We have learned (see above, daf 78) that the Torah forbids the slaughter of a parent and its offspring on the same day (oto ve-et beno – see Vayikra 22:28). The Mishna on today’s daf discusses situations where the sheḥita has a problem attached to it.
- What if the animal was a tereifa – it suffered from a terminal condition and was not kosher?
- What if the animal was slaughtered for idol worship?
- What if it was slaughtered as a para aduma – a Red Heifer – or for some other purpose that makes it forbidden for ordinary use?
In cases such as these, Rabbi Shimon rules that the laws of oto ve-et beno will not apply, since the slaughter that took place did not permit the animal to be eaten. The Ḥakhamim disagree and rule that we still consider this to be sheḥita, and the law of oto ve-et beno remains in effect.
Reish Lakish opens the discussion in the Gemara by pointing out that in this case the order in which the animals are slaughtered will make a difference. If the first animal was slaughtered for idol worship and the second was slaughtered for ordinary purposes, then the person can indeed be punished. If, however, the first animal was slaughtered for ordinary purposes and the second was slaughtered for idol worship, then he cannot possibly be punished for oto ve-et beno, since he is liable for a more severe punishment than for performing the act of sheḥita – he will be killed for performing idol worship – and we apply the rule of kim lei be-derabah minei. According to the rule of kim lei be-derabah minei, when a person who commits an act for which he is liable to receive two separate punishments, Jewish law will only allow him to be punished once, i.e. he will receive the more severe of the two punishments and be freed of the lesser punishment. Thus, if a person performs an act for which he would receive both capital punishments and lashes, he will not receive the lashes, as the capital punishment suffices as punishment for this act.

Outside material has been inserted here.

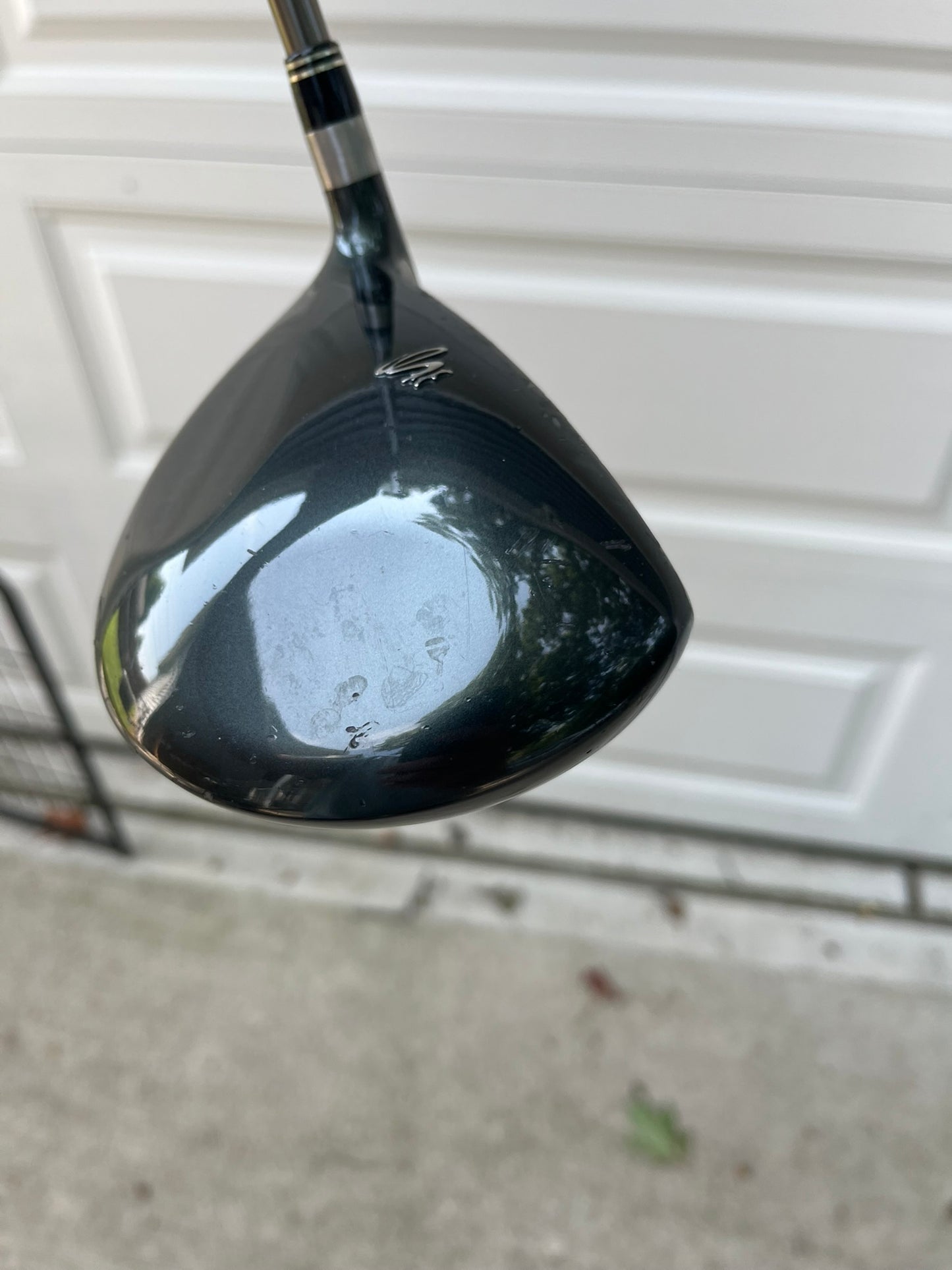 Photo of Cobra Offset SS350 Driver 11 Graphite Design Lite 50 45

Rabbi Yoḥanan objects to Reish Lakish’s teaching by saying that every school child knows that law. He suggests that even if the second animal were slaughtered for idol worship there could still be a situation where the man would receive punishment for oto ve-et beno. That would be in a case where the only warning that he received was about the lashes that he would receive if he slaughtered the mother (or the child), but that he was not warned about the capital punishment that he would receive for performing idol worship. The Gemara points out that Reish Lakish disagrees with Rabbi Yoḥanan’s assumption. According to his view, performing a transgression for which one is liable to receive a severe punishment will always erase the lesser punishment, even if the punishment is not actually applied.